Doctors in Nova Scotia are appealing to employers to waive their sick-note policies during the swine flu pandemic.

Dr. Rick Gibson, chief of the Department of Family Practice for the Capital District Health Authority, said the practice is putting an unnecessary strain on the health-care system.

"Under the current circumstances, we're all sort of stressed and working to the max," he said.

Gibson said as an example, the emergency department at the Queen Elizabeth II Health Sciences Centre in Halifax is 15 to 20 per cent busier than average.

In addition, flu assessment clinics are each seeing up to 200 people per day, officials said.

"Quite frankly, we don't have time to write sick notes," said Gibson.

There are signs posted in the health authority's emergency rooms and flu assessment centres that say, "Please note. We are not able to provide sick leave notes."

Two of the largest employers in the province — Nova Scotia Power and Farmers Dairy — have waived their sick-note policies for the time being.

Dr.

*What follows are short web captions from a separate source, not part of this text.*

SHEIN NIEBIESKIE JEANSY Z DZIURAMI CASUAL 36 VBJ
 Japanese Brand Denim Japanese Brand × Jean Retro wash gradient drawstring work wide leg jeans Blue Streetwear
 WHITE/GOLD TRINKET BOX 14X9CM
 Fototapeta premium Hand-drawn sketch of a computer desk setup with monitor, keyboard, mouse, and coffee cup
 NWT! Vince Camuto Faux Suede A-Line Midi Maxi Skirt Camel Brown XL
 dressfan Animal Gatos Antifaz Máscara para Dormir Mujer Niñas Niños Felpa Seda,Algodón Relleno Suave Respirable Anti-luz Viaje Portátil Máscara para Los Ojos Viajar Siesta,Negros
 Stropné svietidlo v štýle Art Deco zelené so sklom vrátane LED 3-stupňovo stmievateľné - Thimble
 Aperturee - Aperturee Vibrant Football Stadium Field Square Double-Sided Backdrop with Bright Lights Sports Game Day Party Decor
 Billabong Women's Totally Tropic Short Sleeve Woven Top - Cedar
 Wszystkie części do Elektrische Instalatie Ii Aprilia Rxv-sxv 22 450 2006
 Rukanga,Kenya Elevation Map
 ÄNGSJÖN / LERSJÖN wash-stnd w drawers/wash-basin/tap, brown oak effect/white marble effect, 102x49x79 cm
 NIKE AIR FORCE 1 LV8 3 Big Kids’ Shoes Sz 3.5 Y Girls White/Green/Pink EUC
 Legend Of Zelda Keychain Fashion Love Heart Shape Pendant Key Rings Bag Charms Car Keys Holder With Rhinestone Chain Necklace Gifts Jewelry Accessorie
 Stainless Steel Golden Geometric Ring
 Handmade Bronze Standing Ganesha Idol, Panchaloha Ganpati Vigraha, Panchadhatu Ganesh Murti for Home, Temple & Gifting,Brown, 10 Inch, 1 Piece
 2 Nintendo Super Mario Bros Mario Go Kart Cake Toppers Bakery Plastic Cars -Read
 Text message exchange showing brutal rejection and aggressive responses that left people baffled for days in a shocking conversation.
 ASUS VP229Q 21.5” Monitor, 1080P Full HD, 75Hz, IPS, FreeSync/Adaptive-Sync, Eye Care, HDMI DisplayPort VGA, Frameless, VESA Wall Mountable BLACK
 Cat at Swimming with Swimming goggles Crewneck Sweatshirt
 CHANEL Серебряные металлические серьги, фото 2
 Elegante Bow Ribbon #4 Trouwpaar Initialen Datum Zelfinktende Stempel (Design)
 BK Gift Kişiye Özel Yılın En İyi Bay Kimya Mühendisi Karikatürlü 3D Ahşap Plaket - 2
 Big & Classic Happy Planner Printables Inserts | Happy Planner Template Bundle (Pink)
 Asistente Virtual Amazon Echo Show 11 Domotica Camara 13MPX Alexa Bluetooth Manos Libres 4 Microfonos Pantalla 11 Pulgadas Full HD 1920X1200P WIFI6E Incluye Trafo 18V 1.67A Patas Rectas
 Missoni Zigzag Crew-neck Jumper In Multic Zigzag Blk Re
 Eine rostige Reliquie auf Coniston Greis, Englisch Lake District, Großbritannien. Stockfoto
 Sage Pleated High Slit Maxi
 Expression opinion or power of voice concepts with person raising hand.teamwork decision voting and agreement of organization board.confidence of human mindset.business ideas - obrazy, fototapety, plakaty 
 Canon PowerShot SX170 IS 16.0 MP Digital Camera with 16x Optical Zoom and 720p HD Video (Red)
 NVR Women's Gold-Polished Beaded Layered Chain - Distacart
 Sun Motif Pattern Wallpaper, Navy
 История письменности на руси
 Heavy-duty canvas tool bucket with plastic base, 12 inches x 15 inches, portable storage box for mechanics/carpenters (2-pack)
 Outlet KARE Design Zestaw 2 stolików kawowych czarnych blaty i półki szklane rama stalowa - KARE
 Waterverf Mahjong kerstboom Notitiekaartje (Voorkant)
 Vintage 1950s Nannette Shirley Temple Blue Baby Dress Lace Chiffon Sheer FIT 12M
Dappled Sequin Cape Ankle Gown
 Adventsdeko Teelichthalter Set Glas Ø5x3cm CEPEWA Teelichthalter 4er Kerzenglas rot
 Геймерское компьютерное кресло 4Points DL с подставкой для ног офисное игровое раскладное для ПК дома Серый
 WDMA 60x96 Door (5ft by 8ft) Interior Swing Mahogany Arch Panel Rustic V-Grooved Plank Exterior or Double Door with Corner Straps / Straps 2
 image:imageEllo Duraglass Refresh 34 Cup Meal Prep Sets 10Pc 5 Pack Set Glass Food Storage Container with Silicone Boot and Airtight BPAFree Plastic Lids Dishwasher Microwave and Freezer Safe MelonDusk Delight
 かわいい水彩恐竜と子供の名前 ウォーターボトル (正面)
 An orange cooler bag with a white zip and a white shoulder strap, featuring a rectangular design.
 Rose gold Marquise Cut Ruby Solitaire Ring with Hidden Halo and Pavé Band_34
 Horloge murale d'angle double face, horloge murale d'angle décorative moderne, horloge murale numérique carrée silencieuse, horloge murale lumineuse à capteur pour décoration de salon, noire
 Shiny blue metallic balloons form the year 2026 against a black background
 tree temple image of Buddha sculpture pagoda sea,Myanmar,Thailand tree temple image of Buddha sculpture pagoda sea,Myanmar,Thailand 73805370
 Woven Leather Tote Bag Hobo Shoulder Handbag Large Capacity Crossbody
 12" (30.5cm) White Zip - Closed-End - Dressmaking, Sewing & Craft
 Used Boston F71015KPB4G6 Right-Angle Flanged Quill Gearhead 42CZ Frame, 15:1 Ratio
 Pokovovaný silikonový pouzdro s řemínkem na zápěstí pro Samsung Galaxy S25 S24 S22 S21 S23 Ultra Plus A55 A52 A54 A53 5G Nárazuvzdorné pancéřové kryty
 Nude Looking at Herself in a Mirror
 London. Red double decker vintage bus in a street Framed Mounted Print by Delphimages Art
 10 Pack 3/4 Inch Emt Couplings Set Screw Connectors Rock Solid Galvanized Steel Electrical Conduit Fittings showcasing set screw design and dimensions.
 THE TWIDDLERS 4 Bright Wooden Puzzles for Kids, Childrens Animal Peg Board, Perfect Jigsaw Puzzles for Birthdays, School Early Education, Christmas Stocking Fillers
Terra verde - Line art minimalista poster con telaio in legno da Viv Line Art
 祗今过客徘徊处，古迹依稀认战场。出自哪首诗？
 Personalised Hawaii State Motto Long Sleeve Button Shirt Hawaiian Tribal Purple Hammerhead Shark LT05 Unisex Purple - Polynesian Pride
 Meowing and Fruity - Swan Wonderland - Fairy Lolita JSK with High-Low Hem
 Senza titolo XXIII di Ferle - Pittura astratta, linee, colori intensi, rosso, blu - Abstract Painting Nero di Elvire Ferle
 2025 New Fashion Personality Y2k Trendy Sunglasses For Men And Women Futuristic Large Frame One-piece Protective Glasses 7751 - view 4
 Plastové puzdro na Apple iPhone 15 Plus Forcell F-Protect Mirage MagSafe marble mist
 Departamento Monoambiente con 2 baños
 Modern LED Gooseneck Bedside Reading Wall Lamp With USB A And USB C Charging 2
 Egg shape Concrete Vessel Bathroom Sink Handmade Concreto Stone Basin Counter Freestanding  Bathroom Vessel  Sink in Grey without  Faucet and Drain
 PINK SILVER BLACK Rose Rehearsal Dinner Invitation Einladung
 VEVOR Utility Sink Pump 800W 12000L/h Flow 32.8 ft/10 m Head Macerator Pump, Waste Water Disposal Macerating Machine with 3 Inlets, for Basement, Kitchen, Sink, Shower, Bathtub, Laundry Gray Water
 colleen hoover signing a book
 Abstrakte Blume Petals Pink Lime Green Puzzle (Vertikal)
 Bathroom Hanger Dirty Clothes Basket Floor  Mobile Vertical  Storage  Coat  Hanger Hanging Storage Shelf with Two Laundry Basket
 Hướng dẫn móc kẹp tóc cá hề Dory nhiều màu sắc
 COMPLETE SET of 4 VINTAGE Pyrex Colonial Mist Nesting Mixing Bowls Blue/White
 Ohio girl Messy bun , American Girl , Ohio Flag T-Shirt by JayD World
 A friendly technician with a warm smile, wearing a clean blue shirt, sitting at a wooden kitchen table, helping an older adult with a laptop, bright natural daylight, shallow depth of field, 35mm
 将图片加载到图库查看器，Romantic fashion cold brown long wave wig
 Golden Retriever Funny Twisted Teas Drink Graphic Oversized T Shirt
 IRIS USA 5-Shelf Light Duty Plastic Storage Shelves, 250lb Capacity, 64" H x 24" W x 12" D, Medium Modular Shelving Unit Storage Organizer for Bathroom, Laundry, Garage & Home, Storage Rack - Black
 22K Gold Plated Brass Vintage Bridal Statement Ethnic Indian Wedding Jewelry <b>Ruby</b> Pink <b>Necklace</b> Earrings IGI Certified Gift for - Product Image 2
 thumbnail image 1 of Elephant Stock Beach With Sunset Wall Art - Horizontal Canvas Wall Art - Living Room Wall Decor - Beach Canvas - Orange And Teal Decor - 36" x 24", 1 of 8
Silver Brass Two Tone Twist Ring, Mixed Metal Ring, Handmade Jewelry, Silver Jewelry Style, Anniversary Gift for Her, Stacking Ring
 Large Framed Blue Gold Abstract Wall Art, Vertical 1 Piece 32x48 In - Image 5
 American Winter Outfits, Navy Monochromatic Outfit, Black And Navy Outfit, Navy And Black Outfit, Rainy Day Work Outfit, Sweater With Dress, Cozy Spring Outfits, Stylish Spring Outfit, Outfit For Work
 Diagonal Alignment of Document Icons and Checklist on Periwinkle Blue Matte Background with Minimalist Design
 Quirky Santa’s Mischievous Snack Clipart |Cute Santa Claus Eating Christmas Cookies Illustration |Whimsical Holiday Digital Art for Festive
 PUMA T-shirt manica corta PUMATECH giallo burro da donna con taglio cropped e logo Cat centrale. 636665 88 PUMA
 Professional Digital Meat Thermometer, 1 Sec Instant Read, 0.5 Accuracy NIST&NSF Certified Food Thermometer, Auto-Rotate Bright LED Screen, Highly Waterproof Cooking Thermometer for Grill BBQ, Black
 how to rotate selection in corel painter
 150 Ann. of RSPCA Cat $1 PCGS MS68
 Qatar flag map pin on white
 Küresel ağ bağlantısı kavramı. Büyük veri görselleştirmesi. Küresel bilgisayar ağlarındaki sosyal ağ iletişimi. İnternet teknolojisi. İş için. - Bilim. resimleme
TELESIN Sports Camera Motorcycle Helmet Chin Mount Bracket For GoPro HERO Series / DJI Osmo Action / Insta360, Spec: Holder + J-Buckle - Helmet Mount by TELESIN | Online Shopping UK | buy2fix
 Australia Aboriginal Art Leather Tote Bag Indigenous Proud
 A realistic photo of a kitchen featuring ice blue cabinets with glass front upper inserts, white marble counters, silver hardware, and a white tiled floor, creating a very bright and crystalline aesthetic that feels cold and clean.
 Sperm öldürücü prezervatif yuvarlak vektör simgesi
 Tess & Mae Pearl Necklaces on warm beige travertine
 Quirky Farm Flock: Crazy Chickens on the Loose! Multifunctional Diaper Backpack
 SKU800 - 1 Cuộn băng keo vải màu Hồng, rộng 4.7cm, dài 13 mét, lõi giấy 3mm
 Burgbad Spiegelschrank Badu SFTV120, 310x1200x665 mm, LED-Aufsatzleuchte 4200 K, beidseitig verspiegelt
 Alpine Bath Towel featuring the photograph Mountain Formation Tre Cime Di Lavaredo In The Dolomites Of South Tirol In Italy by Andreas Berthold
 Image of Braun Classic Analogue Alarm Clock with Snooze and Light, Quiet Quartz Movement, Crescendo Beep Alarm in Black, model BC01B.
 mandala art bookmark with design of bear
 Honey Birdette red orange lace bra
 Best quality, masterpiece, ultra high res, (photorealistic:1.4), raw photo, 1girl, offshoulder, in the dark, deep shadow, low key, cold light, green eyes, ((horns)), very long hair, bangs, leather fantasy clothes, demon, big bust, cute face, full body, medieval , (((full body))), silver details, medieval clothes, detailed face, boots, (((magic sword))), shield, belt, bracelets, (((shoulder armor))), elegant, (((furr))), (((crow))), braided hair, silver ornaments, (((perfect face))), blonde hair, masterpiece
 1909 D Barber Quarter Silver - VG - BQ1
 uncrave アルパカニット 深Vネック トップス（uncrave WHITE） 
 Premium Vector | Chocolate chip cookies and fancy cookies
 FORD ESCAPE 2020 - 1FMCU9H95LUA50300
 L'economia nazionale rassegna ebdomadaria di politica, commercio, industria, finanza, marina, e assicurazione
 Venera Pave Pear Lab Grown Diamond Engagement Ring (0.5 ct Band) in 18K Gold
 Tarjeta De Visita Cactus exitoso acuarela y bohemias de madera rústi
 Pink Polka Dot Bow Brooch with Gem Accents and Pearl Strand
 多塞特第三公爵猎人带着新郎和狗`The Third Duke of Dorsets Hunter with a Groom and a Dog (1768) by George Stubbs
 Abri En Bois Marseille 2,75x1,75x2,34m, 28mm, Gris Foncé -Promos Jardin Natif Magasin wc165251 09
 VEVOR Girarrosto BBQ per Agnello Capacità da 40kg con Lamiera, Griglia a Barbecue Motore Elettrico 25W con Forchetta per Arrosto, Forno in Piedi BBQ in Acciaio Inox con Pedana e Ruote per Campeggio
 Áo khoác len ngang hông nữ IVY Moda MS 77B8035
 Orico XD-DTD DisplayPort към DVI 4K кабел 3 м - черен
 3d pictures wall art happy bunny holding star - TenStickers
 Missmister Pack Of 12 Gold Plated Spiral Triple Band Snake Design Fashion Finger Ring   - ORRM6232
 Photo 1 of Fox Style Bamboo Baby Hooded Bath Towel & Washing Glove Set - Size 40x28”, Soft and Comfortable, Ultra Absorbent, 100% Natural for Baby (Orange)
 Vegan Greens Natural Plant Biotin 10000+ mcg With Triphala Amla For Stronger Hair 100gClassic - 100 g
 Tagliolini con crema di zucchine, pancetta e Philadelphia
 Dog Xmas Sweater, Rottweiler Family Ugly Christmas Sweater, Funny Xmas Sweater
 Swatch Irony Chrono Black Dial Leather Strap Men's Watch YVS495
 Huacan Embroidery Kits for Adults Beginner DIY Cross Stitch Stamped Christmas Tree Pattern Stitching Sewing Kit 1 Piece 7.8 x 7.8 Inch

Robert Strang, the province's chief public health officer, said he's frustrated other employers are not getting the message.

"Especially right now, asking their employees to go to the doctor's office and get a note is just not an appropriate use of the health-care system," he said. "Unfortunately, there's no legislative capacity to stop that."

Writing sick notes is not covered under the publicly funded medicare system but many doctors do it as a courtesy under ordinary circumstances.